Tuesday 23 January 2018

'I'm human,' says Enda Kenny after gaffe on John McNulty appointment

Enda Kenny pictured with John McNulty
Enda Kenny pictured with John McNulty
Cormac McQuinn

Cormac McQuinn

Taoiseach Enda Kenny has been forced to explain his latest campaign gaffe, insisting that he didn't personally make a controversial appointment to a State board and saying: "I'm human."

Mr Kenny was responding to questions on the 2014 appointment of by-election candidate John McNulty to the board of the Irish Museum of Modern Art (IMMA) in a bid to boost Mr McNulty's credentials ahead of his bid for a Seanad seat.

On Tuesday night's leaders' debate, Mr Kenny appeared to confirm he was directly responsible for Mr McNulty being installed in the role.

"What I did was make an appointment that did not need to be made," Mr Kenny said on the debate as Miriam O'Callaghan was grilling each leader about 'cronyism'.


Speaking afterwards, Mr Kenny said it was Arts Minister Heather Humphreys who had made the appointment.

It was the latest in a series of campaign gaffes, from the length of time it took him to rule out a post-election deal with Independent Michael Lowry, to his "whingers" remark.

The Irish Independent asked which gaffe he would erase from voters' memories if he could.

"Actually, you deal with all these things. I'm human, the same as everybody else. I make mistakes but I'm man enough to acknowledge and accept responsibility for all these things. I think the hallmark of leadership is how you move on from issues that arise," he said.
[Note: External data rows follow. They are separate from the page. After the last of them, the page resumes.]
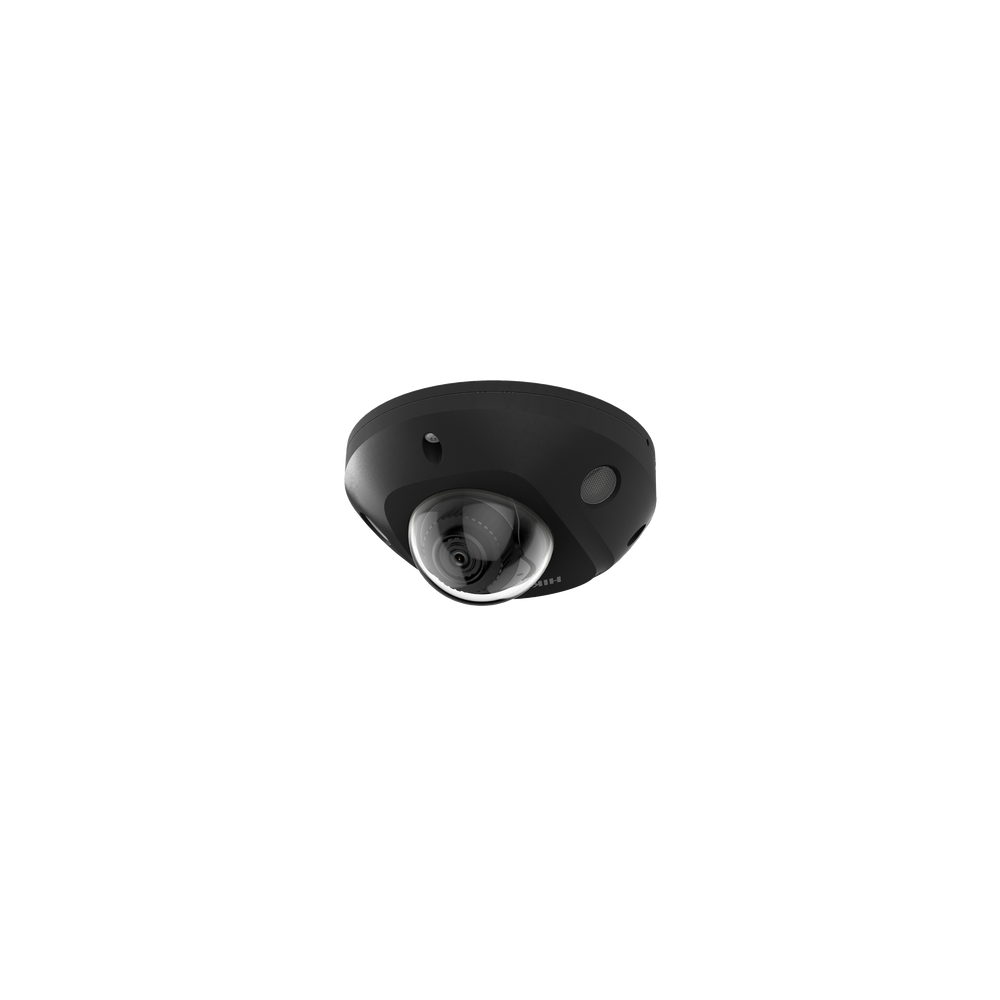 DS2CD2543G2ISBLACK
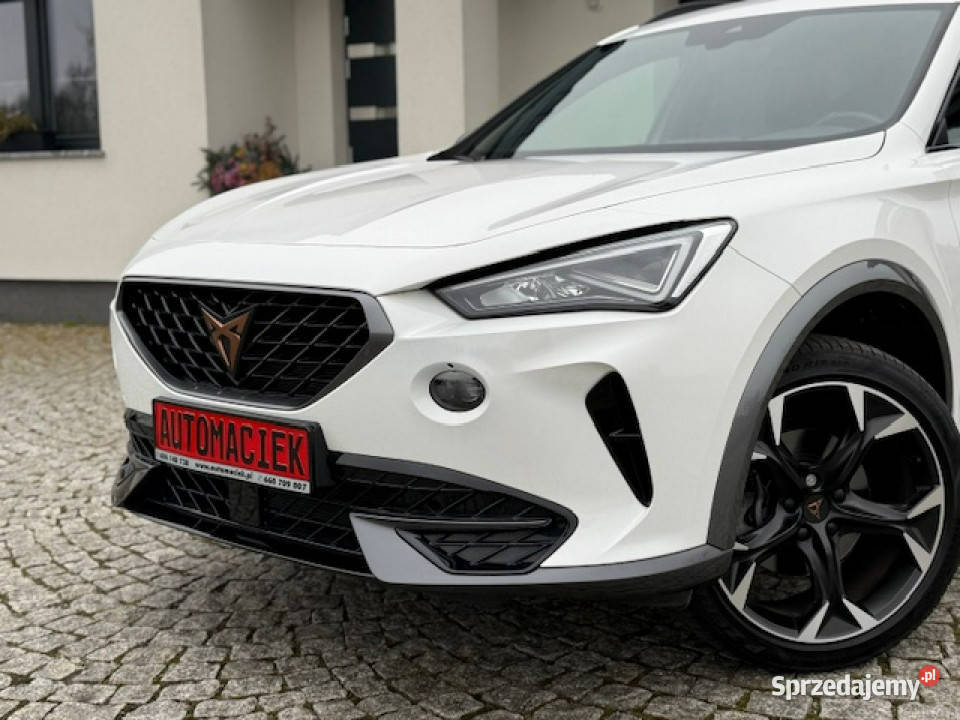 Cupra Formentor Nowe auto Ambiente Navi smart Kamienna Góra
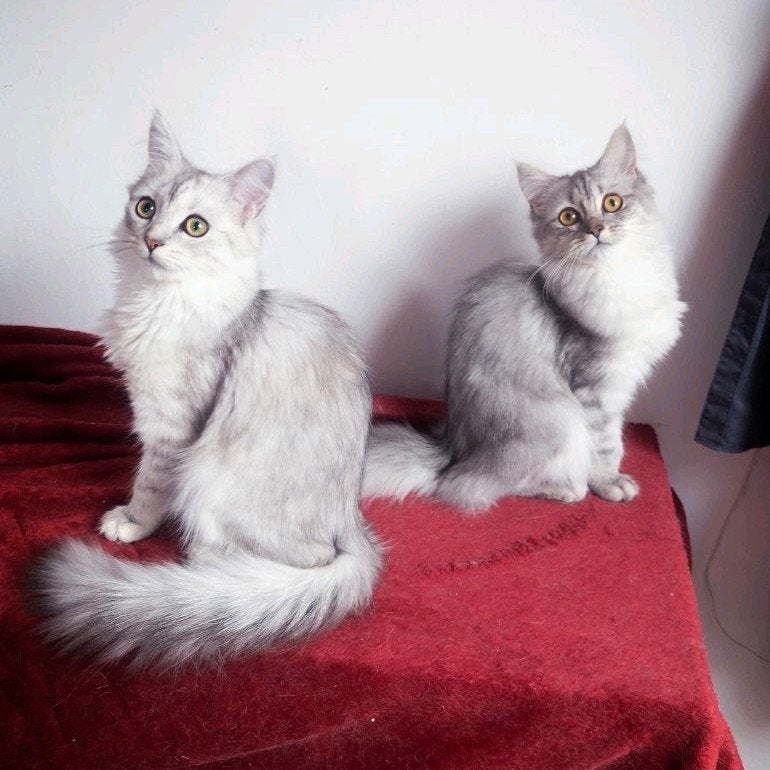 ragdoll mix Brits langhaar 6 manden oud, Dieren en Toebehoren, Meerdere dieren, Ontwormd, 0 tot 2 jaar
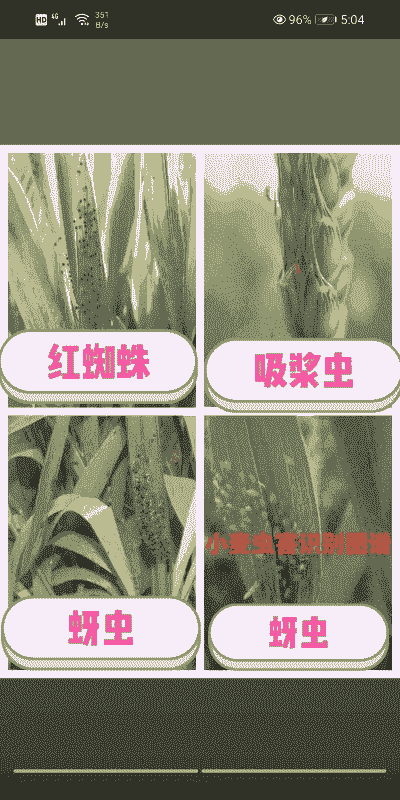 大麦虫养殖怎么防病害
Asked if he had misspoken about the McNulty appointment on the RTÉ debate, he replied: "No...The appointment was made by the minister. It's a line appointment but I, as Taoiseach in the Dáil, I said I accept responsibility for that."

He said the rules for State Board appointments have since been changed. "You will not now become a member of the lawnmower committee for a department unless you apply through the public appointments service."

Meanwhile, Mr Kenny denied he's "blown it" by not calling the election last November, saying if he had it would have "ruptured the link with the Labour Party".

He also said there are three problem areas that he would like to fix if he is returned to power.

"One is the housing and homeless situation, two is the health issue and three is specifically mental health and the challenges that so many people face."